Content starts

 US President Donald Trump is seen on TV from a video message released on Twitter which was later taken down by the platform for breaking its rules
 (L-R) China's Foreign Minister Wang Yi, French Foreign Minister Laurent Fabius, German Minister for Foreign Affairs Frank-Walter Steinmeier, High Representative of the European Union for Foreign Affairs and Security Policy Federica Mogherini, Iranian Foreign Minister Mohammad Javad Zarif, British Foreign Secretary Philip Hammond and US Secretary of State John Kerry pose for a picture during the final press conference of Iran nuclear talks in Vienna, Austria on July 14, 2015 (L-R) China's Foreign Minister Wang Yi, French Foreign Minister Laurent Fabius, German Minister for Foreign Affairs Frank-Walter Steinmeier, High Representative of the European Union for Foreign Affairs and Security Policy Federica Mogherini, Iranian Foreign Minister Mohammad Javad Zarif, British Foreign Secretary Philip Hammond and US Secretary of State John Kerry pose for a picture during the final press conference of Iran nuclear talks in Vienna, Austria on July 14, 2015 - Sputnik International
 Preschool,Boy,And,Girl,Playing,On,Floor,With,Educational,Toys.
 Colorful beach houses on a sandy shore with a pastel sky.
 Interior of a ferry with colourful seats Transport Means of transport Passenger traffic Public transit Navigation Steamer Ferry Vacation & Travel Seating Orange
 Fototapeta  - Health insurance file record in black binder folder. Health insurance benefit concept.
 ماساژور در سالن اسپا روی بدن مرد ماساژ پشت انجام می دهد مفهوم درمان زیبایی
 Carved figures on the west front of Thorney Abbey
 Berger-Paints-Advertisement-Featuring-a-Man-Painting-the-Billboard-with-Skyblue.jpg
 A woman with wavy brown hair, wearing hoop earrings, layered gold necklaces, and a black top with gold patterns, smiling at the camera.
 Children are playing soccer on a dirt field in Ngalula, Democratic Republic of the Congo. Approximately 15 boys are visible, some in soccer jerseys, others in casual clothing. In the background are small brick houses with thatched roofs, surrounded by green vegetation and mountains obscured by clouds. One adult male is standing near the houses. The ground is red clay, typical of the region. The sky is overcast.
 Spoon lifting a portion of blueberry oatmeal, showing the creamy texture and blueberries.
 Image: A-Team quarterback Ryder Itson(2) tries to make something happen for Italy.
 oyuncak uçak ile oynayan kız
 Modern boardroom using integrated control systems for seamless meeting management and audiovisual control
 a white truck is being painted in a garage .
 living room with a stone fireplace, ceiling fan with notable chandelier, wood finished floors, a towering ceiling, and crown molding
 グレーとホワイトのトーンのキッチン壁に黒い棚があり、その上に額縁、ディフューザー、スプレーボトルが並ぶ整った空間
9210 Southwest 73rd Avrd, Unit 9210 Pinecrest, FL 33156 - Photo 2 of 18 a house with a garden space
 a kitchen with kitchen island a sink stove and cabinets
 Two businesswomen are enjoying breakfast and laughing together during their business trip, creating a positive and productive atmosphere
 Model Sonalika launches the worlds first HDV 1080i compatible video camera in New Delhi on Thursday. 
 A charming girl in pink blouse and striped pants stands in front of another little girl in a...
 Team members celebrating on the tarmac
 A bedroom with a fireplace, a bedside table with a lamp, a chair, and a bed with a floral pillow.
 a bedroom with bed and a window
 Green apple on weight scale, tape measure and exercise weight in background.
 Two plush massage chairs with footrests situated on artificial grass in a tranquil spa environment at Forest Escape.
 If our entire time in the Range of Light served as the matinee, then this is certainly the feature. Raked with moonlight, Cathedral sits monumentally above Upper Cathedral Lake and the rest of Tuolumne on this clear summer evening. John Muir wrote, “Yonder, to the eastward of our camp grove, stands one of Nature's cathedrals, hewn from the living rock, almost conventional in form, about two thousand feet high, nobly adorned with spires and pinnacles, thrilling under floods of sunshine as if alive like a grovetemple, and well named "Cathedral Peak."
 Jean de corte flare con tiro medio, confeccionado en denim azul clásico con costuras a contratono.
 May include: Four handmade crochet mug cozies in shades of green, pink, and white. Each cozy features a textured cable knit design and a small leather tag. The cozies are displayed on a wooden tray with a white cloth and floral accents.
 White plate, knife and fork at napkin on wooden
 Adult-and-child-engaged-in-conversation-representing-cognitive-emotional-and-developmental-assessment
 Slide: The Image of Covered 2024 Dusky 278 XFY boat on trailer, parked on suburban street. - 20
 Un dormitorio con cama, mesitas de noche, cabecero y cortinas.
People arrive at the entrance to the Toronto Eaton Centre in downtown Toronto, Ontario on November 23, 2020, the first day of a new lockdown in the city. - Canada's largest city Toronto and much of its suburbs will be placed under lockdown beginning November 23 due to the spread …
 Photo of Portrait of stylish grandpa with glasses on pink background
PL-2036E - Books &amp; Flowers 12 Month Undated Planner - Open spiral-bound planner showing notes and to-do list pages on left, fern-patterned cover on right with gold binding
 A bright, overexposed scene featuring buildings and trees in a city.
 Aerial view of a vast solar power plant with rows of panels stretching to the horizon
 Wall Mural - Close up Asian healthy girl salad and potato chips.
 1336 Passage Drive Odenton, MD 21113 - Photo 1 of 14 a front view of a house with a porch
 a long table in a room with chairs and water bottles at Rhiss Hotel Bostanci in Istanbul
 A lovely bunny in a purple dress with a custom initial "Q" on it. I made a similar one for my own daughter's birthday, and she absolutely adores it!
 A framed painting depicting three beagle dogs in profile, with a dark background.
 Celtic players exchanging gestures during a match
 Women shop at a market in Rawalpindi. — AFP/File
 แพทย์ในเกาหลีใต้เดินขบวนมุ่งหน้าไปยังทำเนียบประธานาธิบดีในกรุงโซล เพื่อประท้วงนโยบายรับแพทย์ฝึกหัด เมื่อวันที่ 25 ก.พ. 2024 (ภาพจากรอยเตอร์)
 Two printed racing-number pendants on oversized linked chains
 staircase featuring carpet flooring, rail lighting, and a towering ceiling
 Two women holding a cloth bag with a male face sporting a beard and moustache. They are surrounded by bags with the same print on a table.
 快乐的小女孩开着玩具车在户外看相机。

Content ends

GOAL OF THE EXERCISE: Above are the records. Identify each line that contains the word "city".

FINISHED EXERCISE:
People arrive at the entrance to the Toronto Eaton Centre in downtown Toronto, Ontario on November 23, 2020, the first day of a new lockdown in the city. - Canada's largest city Toronto and much of its suburbs will be placed under lockdown beginning November 23 due to the spread …
 A bright, overexposed scene featuring buildings and trees in a city.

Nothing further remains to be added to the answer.